14. Cuando convenga regañar
a un hijo, hay que hacerlo con claridad, con justicia,
con brevedad y cambiando después el tema de la conversación;
es imprescindible concederle un tiempo para que asimile la corrección,
sin exigir que reconozca de inmediato su culpa… como tampoco
solemos de entrada reconocerla nosotros.
15. Resulta muy formativo exigir apoyándose más en el cariño
(y en el bien de los demás) que en los
castigos y recompensas: «Si haces eso, me das —o das
a tu padre o a tus hermanos— un disgusto o
una alegría muy grande». Se transmite así a los hijos
la hermosura de hacer o prescindir de algo libremente, por
amor a los demás.
16.
Evitar siempre que se pueda los premios materiales, para no
cultivar una moral utilitarista, que espera una recompensa por cada
acción positiva. Al contrario, resulta muy conveniente que los hijos
perciban y se sientan satisfechos al advertir la alegría de
los padres cuando realizan una buena acción.
En el primer caso
se promueve, tal vez sin plena conciencia, el egoísmo: hago
algo bueno no por ser bueno, sino porque yo obtengo
un provecho. En el segundo, se ayuda a los hijos
a salir de sí y ocuparse de los otros… que
es la única vía transitable para encontrar la felicidad.
17. Conviene elogiar o censurar no lo
que son, sino aquello que hacen. Se evitará de este
modo fomentar la soberbia o el desencanto. No decir, por
ejemplo, «eres tonto», sino «esta vez has hecho o dicho
una tontería».
El uso del verbo ser o similares, por
cuanto fácilmente se refieren a la totalidad de la persona
y la califican de un modo radical y omniabarcante, constituye
una especie de carga de profundidad que puede resultar devastadora. Más
oportuno es, por ejemplo, utilizar frases del estilo: «en esta
ocasión has actuado un tanto egoístamente; no me lo esperaba
de ti». Con ellas, al tiempo que corregimos la actitud
incorrecta, fomentamos los valores positivos de fondo y mostramos nuestra
estima y confianza hacia los chicos.
18. Distribuir encargos oportunos entre los hijos, enseñando también a
que, en determinadas ocasiones, si existe causa justificada (exceso de
cansancio, proximidad de un examen, etc.), uno supla en lo
que debería realizar otro.
Se trata de una de las acciones
más difíciles pero al mismo tiempo más eficaces. Cualquier hijo
en condiciones normales está dispuesto a echar una mano a
sus padres… con tal de que esa tarea no le
corresponda a otro hermano. Lograr que superen esa especie de
agravio comparativo es poner las bases de una generosidad auténtica
y duradera.
19. Implicar a los
hijos, con un equilibrio adecuado, en las decisiones familiares, estimulándoles
para que hagan sugerencias para el bien de la familia…
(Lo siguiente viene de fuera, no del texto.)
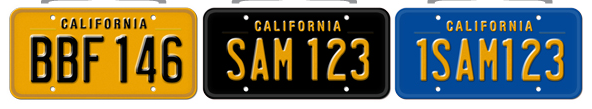 California's Legacy License Plates Need You To Sign Up - Deadline Soon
y acogiéndolas incluso cuando las nuestras nos sigan pareciendo un
poco mejor que las que propuestas por ellos (entre otros
motivos, porque es muy fácil que las nuestras, solo por
serlo, las consideremos mejores).
20. No
rechazar globalmente, y mucho menos a priori («tú calla, que
de esto no sabes») ni siquiera aquellas insinuaciones de los
hijos que nos parecen más insensatas; por el contrario, esforzarse
para descubrir y valorar cuanto hay de bueno en sus
ideas… puesto que siempre hay algo bueno.
Es eficacísimo llegar al
convencimiento de que los padres tenemos mucho que aprender incluso
de los más menudos de nuestros hijos.
21. No os limitéis a corregir o aconsejar a
los hijos, sino escucharlos con paciencia, afecto, interés y «simpatía»
—como si se tratara de vosotros mismos o de la
persona más querida—, de modo que lleguéis a comprender el
porqué de sus dificultades, desilusiones, tristezas, errores, mimos, etc.
Y
eso, a todas las edades: desde que empiezan a hacerse
entender hasta la etapa tan problemática de la adolescencia... y
siempre. Nunca es buena la presunción de que, por nuestra edad,
experiencia, estudios, etc., la razón se encuentra de nuestra parte.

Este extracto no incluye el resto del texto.